Original topic: No volume mounting after Docker Desktop update

I’m having this issue too, after upgrading to Docker Desktop 4.40.0 on macOS 15.4 (2023 MacBook Pro).

The issue seems to be that the bind mount specification in my docker compose file uses an environment variable to specify the host path, but the environment variable seems to be not evaluated / available before the mount specification is parsed:

volumes:
 db_root:
   driver: local
   driver_opts:
     type: none
     device: $STATE_ROOT/database
     o: bind 

If I replace the environment variable $STATE_ROOT with the actual path, everything works as expected:

volumes:
  db_root:
    driver: local
    driver_opts:
      type: none
      device: /Users/fred/projects/example/state/database
      o: bind 

The version with volumes specified with the help of Environment Variables worked in previous versions through 4.38.

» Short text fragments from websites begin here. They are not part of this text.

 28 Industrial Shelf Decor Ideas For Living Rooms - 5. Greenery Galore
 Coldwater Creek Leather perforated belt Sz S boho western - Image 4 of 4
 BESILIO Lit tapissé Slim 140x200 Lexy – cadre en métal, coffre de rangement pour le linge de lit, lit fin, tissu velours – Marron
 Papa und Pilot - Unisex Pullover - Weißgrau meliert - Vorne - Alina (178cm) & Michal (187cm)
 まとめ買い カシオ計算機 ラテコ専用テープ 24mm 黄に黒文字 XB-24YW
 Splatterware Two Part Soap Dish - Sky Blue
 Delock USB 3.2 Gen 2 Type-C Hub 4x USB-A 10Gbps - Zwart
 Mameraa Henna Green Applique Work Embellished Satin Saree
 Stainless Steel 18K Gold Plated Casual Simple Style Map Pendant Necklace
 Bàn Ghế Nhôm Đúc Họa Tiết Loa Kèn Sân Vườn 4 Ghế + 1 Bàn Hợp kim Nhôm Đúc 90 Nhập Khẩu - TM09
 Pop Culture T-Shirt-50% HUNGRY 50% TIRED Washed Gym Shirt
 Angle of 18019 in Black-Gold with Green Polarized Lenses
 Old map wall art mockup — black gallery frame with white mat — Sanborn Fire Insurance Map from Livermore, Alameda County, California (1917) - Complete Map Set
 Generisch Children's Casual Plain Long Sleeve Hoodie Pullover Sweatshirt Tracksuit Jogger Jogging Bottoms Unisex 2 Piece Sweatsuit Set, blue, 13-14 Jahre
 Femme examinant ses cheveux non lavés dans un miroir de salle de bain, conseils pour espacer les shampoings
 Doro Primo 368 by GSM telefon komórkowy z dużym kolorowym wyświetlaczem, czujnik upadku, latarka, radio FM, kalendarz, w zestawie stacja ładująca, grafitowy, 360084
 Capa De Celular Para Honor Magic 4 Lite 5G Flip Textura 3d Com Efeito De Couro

In @arpadt’s case, I believe the issue is that Docker Desktop now requires the path specifications to be absolute (so using . to specify the current directory won’t work).

Your issue was completely different, so I moved it out from the original topic to its own.

In your case, the problem is probably how Docker Compose interprets environment variables. It is not Docker Desktop that does it. Docker Desktop just comes with a specific compose version, but you can always download another one if you see the new version is not compatible with your compose files. A least until a bug is fixed in Docker Compose or you can change your compose files if the change was not an introduced bug but an intended change.

https://docs.docker.com/compose/install/linux/#install-the-plugin-manuall

You can find which Docker Desktop comes with which Compose version: https://docs.docker.com/desktop/release-notes/

You can also check the compose release notes:
https://github.com/docker/compose/releases

And if you can make your compose file work again with older compose versions, you can report issues on GitHub in the compose repository, unless the change is shown in the release notes as intended.